As illustrated above, the gadget-0 code pops the address to “/bin/bash” into %rdi and then returns into system@PLT effectively executing system("/bin/bash");. Once the attacker exits the bash shell, it returns to the final gadget which is exit@PLT which allows the process to gracefully exit without segfaulting and causing a raucous. Lets run this exploit and see how the Backtrace ROP forensics feature can be used to detect it.

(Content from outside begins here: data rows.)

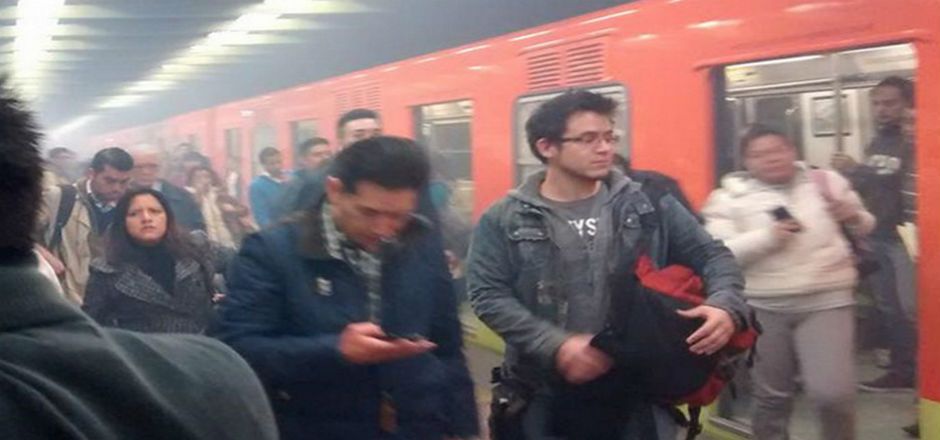 Reportan humo en la estación Viveros del Metro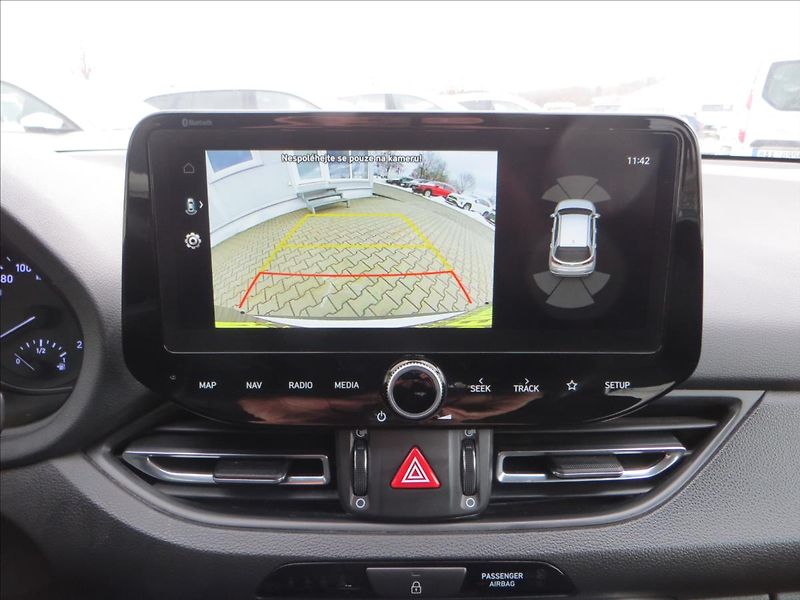 Hyundai i30 1,5 T-GDI 117kW Family Smart - fotka 18 z 26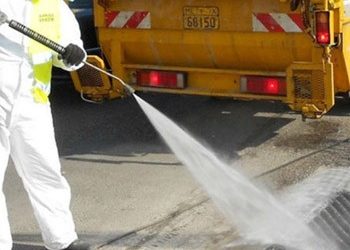 Συνεχίζονται οι ψεκασμοί κατά των κουνουπιών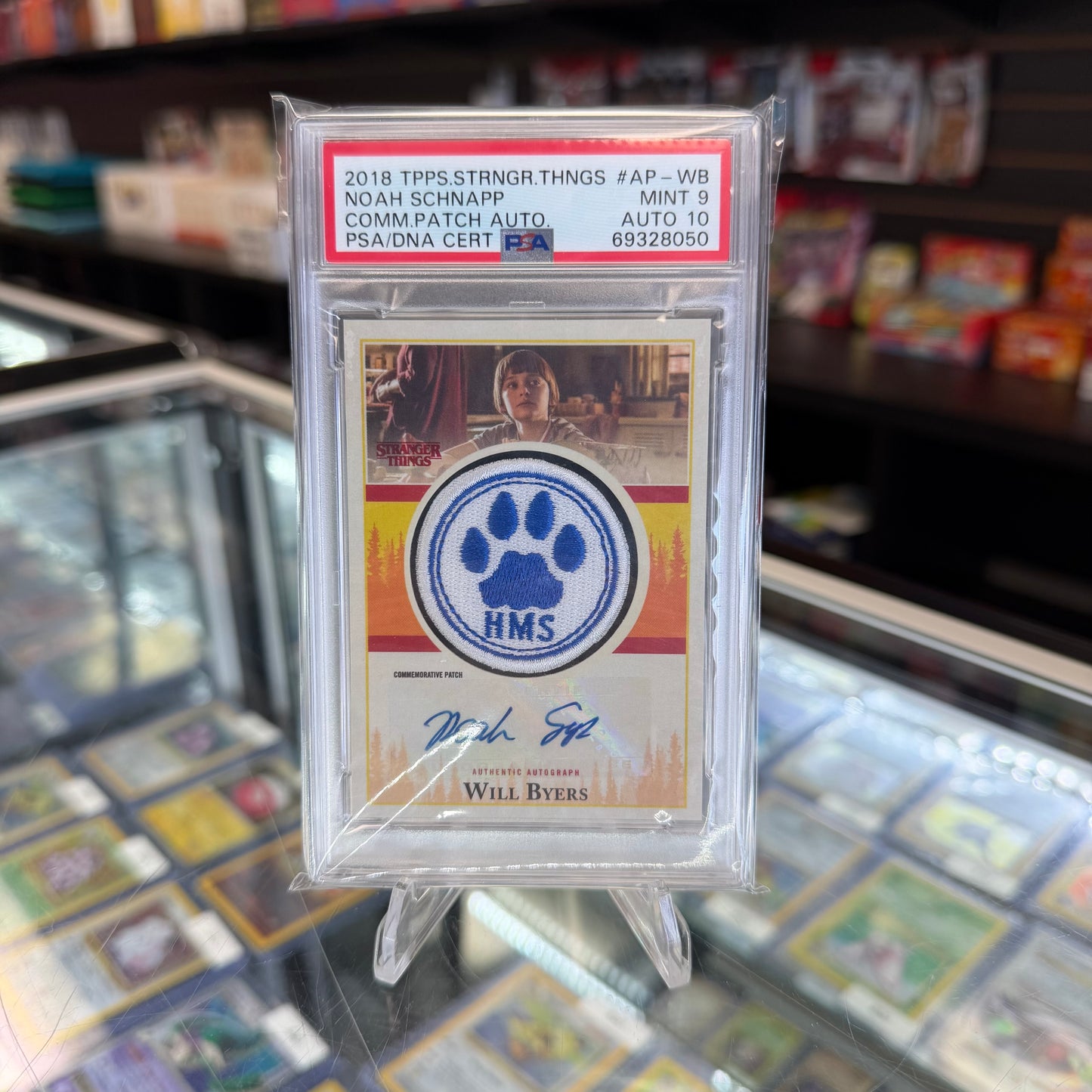 2018 Topps Stranger Things Commemorative Patch Autograph Noah Schnapp Comm.Patch Auto. PSA MINT 9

elfmaster@backtrace:~/rop_test$ ./exploit

In another terminal we trace the process

elfmaster@backtrace:~$ sudo ptrace `pidof exploit` --module=security:enable,true

View the snapshots “Warning pane” in Hydra

ROP exploit in hydra

This screenshot gives even a layman forensics analyst a decent view of what’s happening in the exploit. In the backtrace pane we can see that do_system() was called, followed by waitpid(). In actuality the address to system@PLT was wiped off the stack by local variables, but it resulted in a call to do_system which in turn calls waitpid(), so those two top functions in the backtrace are a residual of the ROP chain but not directly part of the ROP chain. Normally we would also deduce from this pane that the code found at 0x400480 (which happens to be exit@PLT) was called before do_system; but do not forget that ROP chains work backwards, they do not call functions, they ret to functions. So what we are seeing is that do_system() will return to exit@PLT which is why it shows up in the backtrace like it was called by exit@PLT, when really it wasn’t and this is just part of a crafted ROP chain. The next address on the stack after exit@PLT is 0x4005a6 which is the address to main() which was pushed onto the stack by whatever function main() had originally called before the exploit was triggered. This means that technically the only real part of the ROP chain leftover at this point is the address pointing to exit@PLT, which by itself should be quite a red flag since PLT entries are not functions, and do not call other functions; they are code stubs that perform indirect jumps to functions within shared libraries, and therefore will not ever be found in a real call stack. This is a good example of the scenario where only a fragment of the ROP chain is left-over, leaving us just a single bread-crumb to work with. Notice the message in the warning pane:

Critical: Discovered possible ROP chain entry point at stack location 0x7ffcb9f8f240 into the .plt section: 0x400480

This demonstrates that even when there is only a fragmented ROP chain left over, we can still make some fairly accurate detections of ROP activity.